Lasse Schmidt Hansen
Les nouvelles pièces de Lasse Schmidt Hansen sont, selon les mots de l’artiste, proches du néant. Les pièces apparaissent dans l’espace comme s’il elles étaient censées y disparaître. Des panneaux de contre-plaqués reposent comme un mur contre le mur. Les blocs de béton, des impressions négatives du sol de la terrasse de son studio au Danemark sont installés sur le sol, comme un autre sol. Les notes griffonnées et installées sur des parties de murs conservées dans des boîtes de plexi glass accrochées sur les murs de la galerie, ressemblent à des notes pour une pièce en devenir, mais sont présentées comme des pièces finies.

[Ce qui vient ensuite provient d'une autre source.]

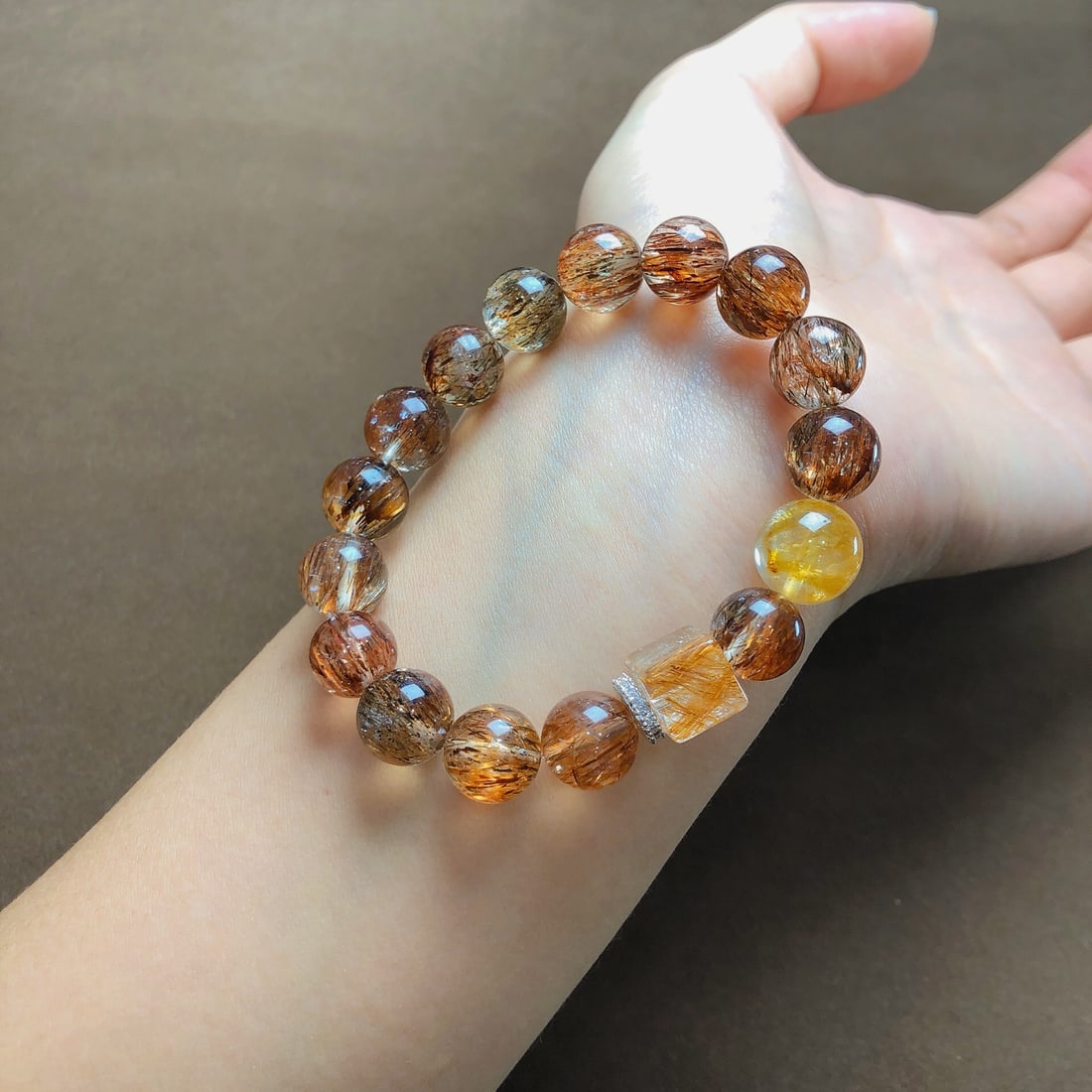 An Exquisite Crystal Bracelets - 7
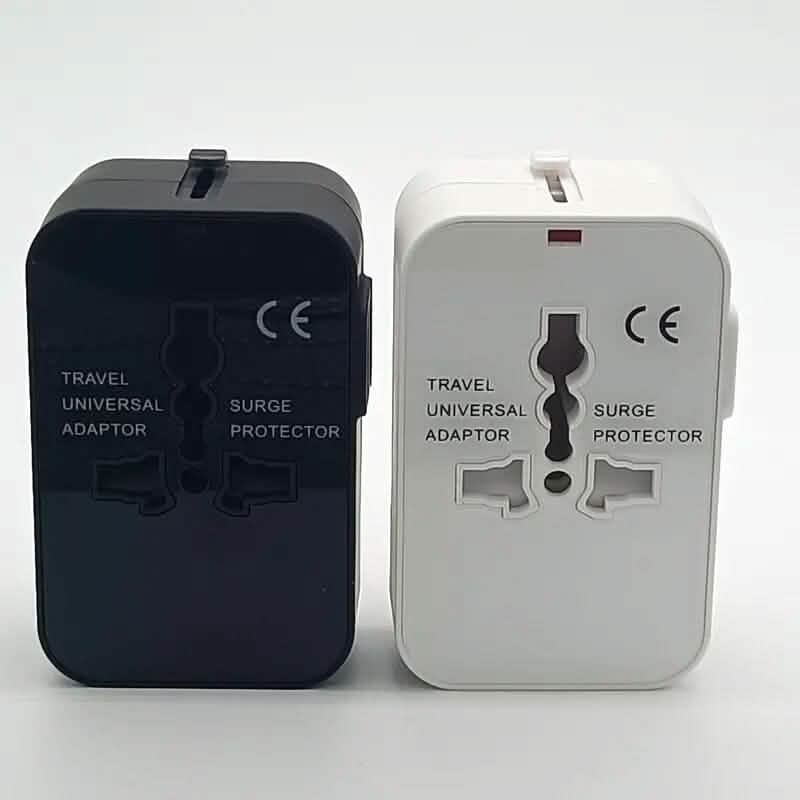 All-in-One Universal-Reiseladegerät mit zwei USB-Ladeanschlüssen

Si les nouvelles pièces de Lasse Schmidt Hansen sont minimales, elles ne sont pas minimalistes. Alors que les artistes minimalistes des années 60 pensaient à l’absolu, à l’essentiel, Lasse Schmidt Hansen est plutôt intéressé par quelque chose que nous pourrions appeler de «relativement minimal». On ne peut pas dire que son travail soit de «petite taille», car elles suivent l’échelle de la galerie selon les conventions. En revanche, on pourrait dire qu’elles sont «plus petites», car elles doublent l’espace dans lequel elles sont, mais sur une échelle plus petite. Les contre-plaqués forment un mur, mais plus petit que celui sur lesquels ils reposent — comme ses pièces en béton sont également un sol en béton, mais plus petit que celui sur lesquels ils sont posés.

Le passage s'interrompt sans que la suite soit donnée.